Apabila jam istirahat tiba, Difa lebih memilih bermain di sudut sekolah bersama sahabat imajinernya. ‘Sahabat’ yang sering ia panggil dengan nama “Mas Aji”.
Seperti yang ia lakukan hari ini. Ketika bel istirahat berbunyi, Difa beranjak ke sudut pagar sekolah yang sepi dari hingar-bingar murid lainnya. Dan seperti biasa, ia menemui ‘sahabatnya’. ‘Sahabat’ yang selalu memahami tentang dirinya.
“Tadi Pak Guru menyuruh setiap murid menuliskan tentang cita-citanya, Mas. Difa gak tau harus nulis apa, karena Difa gak punya cita-cita. Difa takut, cita-cita hanya akan membebani hidup Difa dengan rasa takut gagal mencapainya. Bukankah rasa takut hanya membuat kita menjauhi kedamaian?” curhat Difa.
‘Mas Aji’ yang selalu wise hanya tersenyum. Menepuk punggung Difa, seraya berkata: “Kita hidup di zamanmodern, Dif. Di satu sisi kita diharuskan menata masa depan. Kita takut masa depan akan kacau apabila kita tidak menatanya. Sementara, sisi lainnya, kita juga mempertakutkan kesalahan-kesalahan yang telah kita perbuat di masa lalu. Karena hidup ternyata tak semudah yang kita bayangkan.”

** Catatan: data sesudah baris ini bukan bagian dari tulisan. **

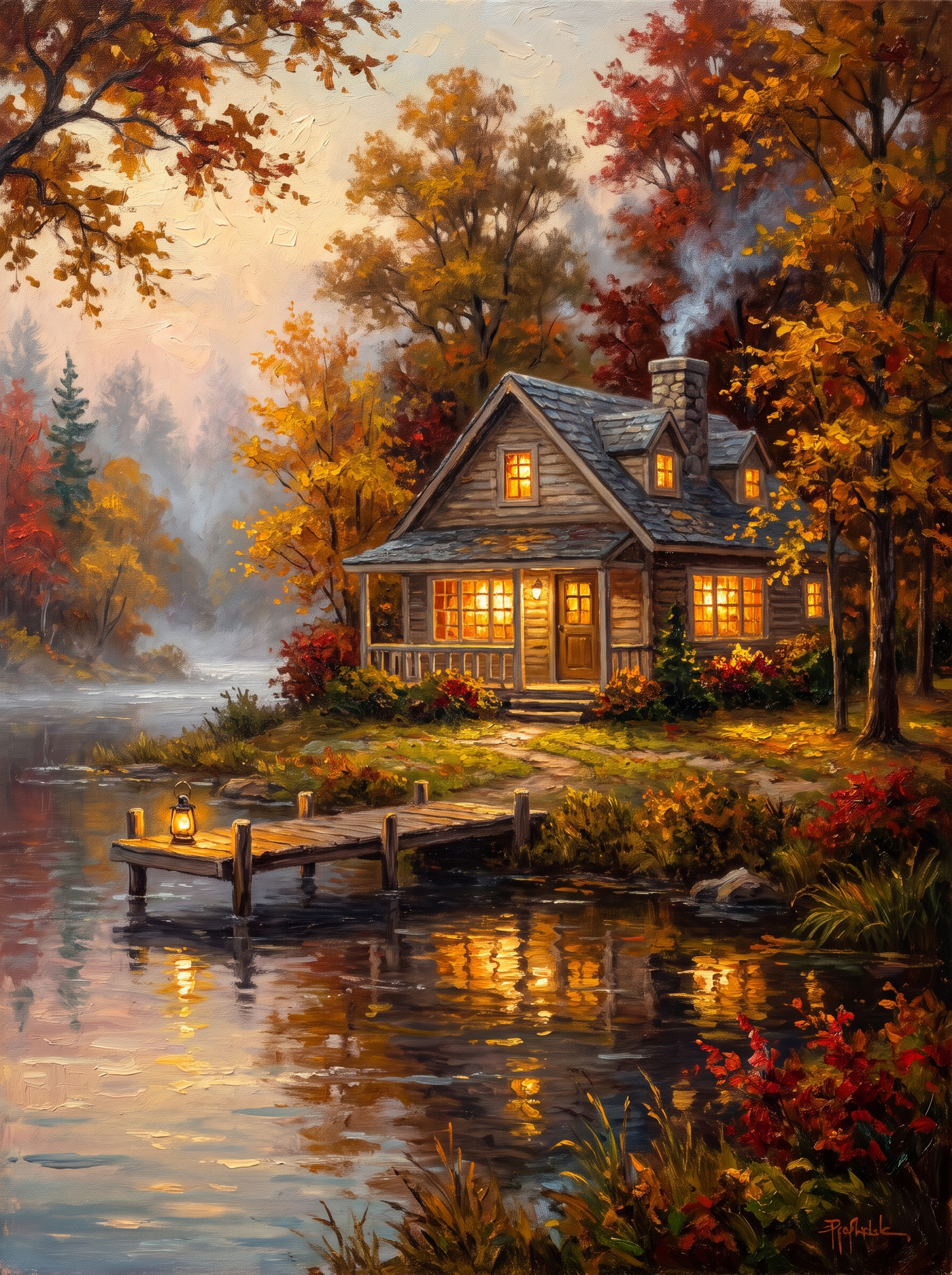 Lakeside Cottage Autumn Lanterns Dusk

Hening sejenak, karena Difa lama untuk mencerna kalimat ‘sahabatnya’ itu.
Mas Aji pun melanjutkan: “Rasa takut mengaburkan kejernihan berpikir. Rasa takut juga menciptakan penderitaan batin yang besar. Banyak orang terjebak di dalam depresi, karena rasa takut yang berlebihan. Banyak orang jatuh ke dalam ketergantungan narkoba dan perilaku menyimpang lainnya, karena penderitaan batin dan rasa takut di dalam hati mereka. Orang yang menderita cenderung kejam, tidak hanya pada dirinya sendiri tetapi juga pada orang lain.”
“Lantas, kenapa Mas Aji pergi dari sekolah Kompasiana ini? Apa yang Mas Aji takutkan?” Difa pun akhirnya berani mempertanyakan kepergian sahabat imajinernya itu.
Mas Aji hanya tertawa. “Dif, akar ketakutan manusia itu terletak pada kegagalannya memahami arti hidup sesungguhnya.Artinya, ketika orang gagal memahami kenyataan apa adanya, ia melihat dunia hanya semata dengan pikiran dan perasaannya, yang seringkali jauh dari kebenaran. Saya gak pergi dari sekolah, Dif. Hanya mencoba mengheningkan kata..”
“Maksud Mas Aji?”
“Di sekolah Kompasiana, kita telah banyak membagikan banyak sekali kesaksian dengan Kata. Kesaksian yang tumbuh dari peristiwa sehari-hari dari dunia yang tumpang tindih. Kesaksian kita adalah cuplikan riwayat hidup jelata yang terseok, juga tentang kota yang tumbuh mengangkasa dengan keangkuhan konsumerisme yang ringkih tapi tetap meminggirkan mereka yang kurang beruntung. Juga tentang politik yang makin mirip perayaan "mentalitas pemandu sorak". Kau dan aku mencoba berdiri dalam rangkai peristiwanya, menyusun cerita yang selalu memaksa menunda lupa dan menentang kemungkinan diri menjadi bagian dari jenis yangngehe dan reaksioner.”